The problem: Transcribe every line below exactly; no image goes into the output.

[Stored data]

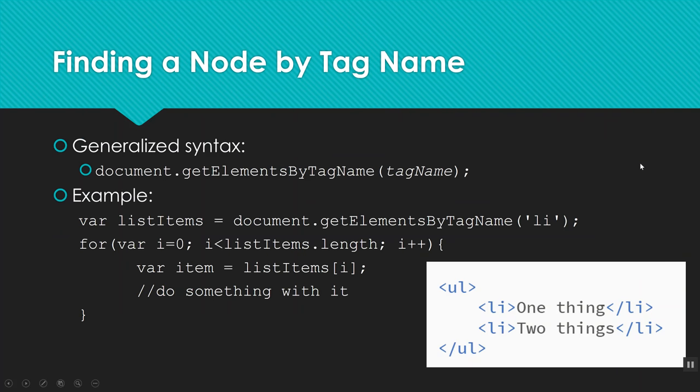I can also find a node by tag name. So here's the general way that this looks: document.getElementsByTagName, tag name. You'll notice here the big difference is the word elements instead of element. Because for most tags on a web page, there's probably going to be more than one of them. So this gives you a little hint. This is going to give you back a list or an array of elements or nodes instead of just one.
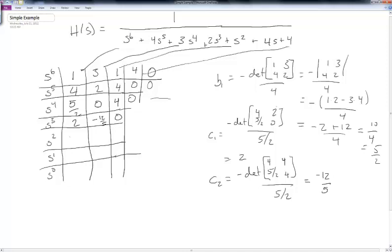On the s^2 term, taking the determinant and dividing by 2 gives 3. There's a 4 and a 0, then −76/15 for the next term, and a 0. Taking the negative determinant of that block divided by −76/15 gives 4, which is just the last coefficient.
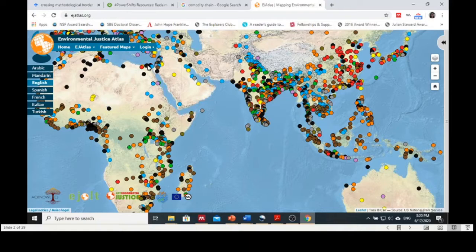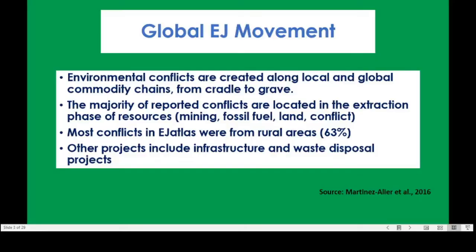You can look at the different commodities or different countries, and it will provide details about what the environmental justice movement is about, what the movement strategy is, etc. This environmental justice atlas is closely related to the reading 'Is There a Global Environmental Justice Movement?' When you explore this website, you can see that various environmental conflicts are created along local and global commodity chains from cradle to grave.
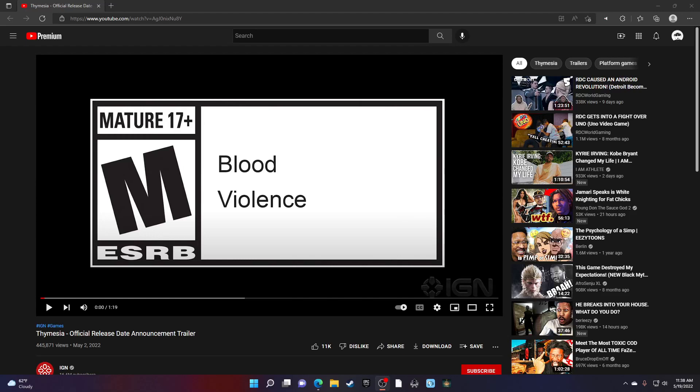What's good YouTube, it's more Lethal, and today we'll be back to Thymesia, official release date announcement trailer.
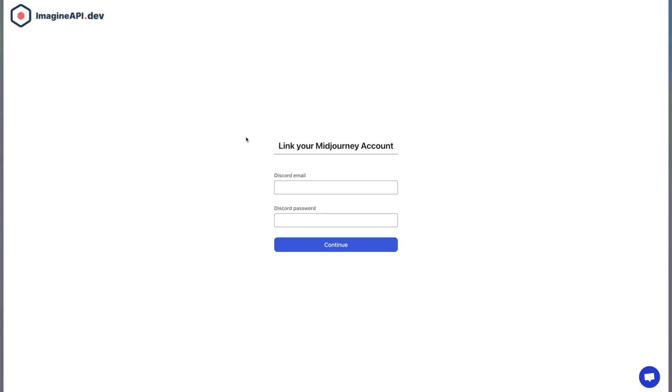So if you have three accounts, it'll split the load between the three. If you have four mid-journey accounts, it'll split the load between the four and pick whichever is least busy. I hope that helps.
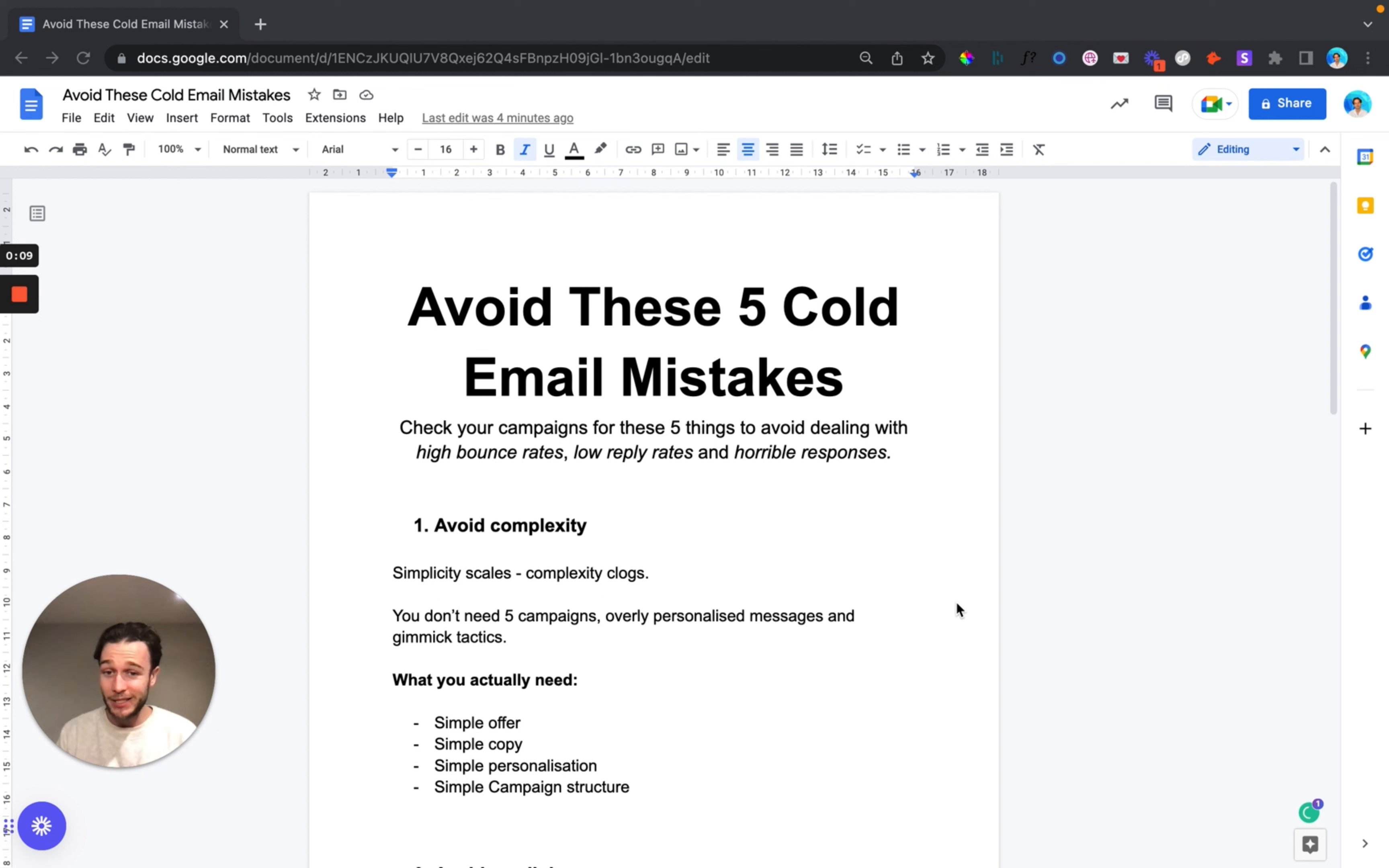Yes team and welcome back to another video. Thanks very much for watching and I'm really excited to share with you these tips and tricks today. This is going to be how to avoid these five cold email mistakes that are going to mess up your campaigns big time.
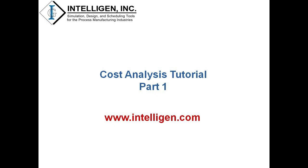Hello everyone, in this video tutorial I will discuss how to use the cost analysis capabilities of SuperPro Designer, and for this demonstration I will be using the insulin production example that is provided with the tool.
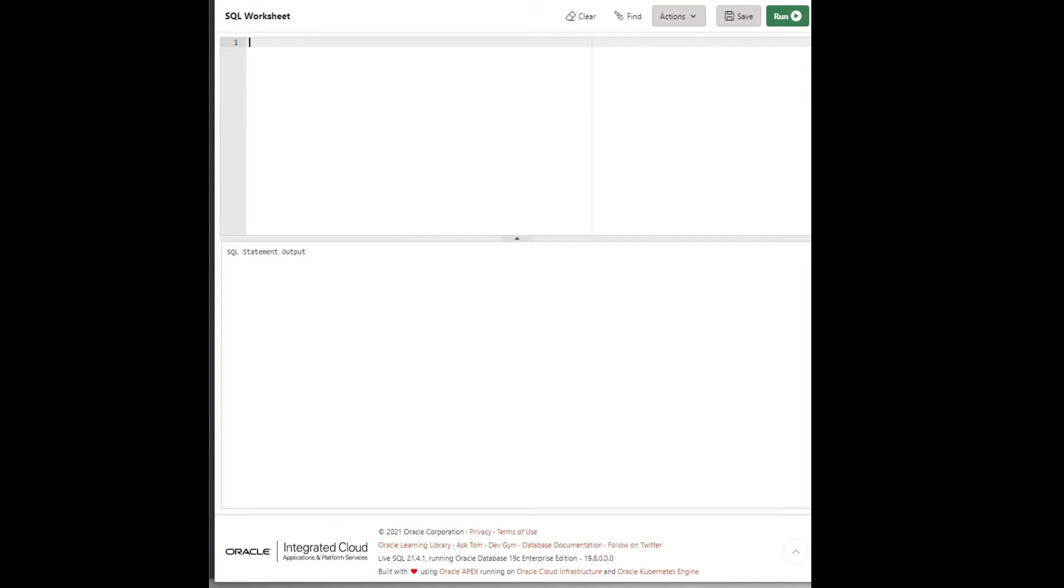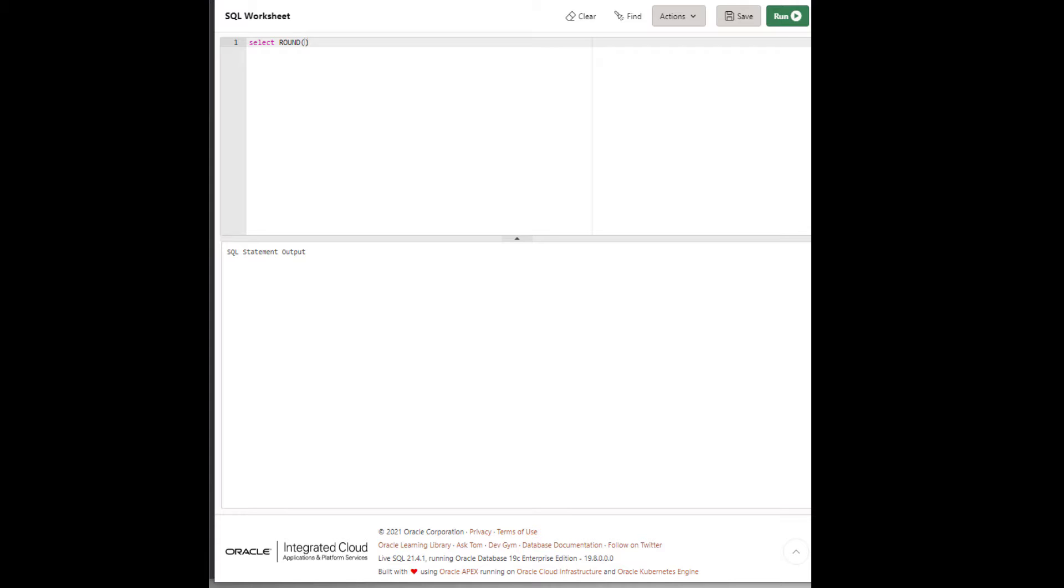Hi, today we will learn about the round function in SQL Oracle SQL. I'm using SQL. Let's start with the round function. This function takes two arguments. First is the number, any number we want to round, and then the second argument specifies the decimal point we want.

Reply:
I can also find a node by tag name. So here's the general way that this looks: document.getElementsByTagName, tag name. You'll notice here the big difference is the word elements instead of element. Because for most tags on a web page, there's probably going to be more than one of them. So this gives you a little hint. This is going to give you back a list or an array of elements or nodes instead of just one.
On the s^2 term, taking the determinant and dividing by 2 gives 3. There's a 4 and a 0, then −76/15 for the next term, and a 0. Taking the negative determinant of that block divided by −76/15 gives 4, which is just the last coefficient.
You can look at the different commodities or different countries, and it will provide details about what the environmental justice movement is about, what the movement strategy is, etc. This environmental justice atlas is closely related to the reading 'Is There a Global Environmental Justice Movement?' When you explore this website, you can see that various environmental conflicts are created along local and global commodity chains from cradle to grave.
What's good YouTube, it's more Lethal, and today we'll be back to Thymesia, official release date announcement trailer.
So if you have three accounts, it'll split the load between the three. If you have four mid-journey accounts, it'll split the load between the four and pick whichever is least busy. I hope that helps.
Yes team and welcome back to another video. Thanks very much for watching and I'm really excited to share with you these tips and tricks today. This is going to be how to avoid these five cold email mistakes that are going to mess up your campaigns big time.
Hello everyone, in this video tutorial I will discuss how to use the cost analysis capabilities of SuperPro Designer, and for this demonstration I will be using the insulin production example that is provided with the tool.
Hi, today we will learn about the round function in SQL Oracle SQL. I'm using SQL. Let's start with the round function. This function takes two arguments. First is the number, any number we want to round, and then the second argument specifies the decimal point we want.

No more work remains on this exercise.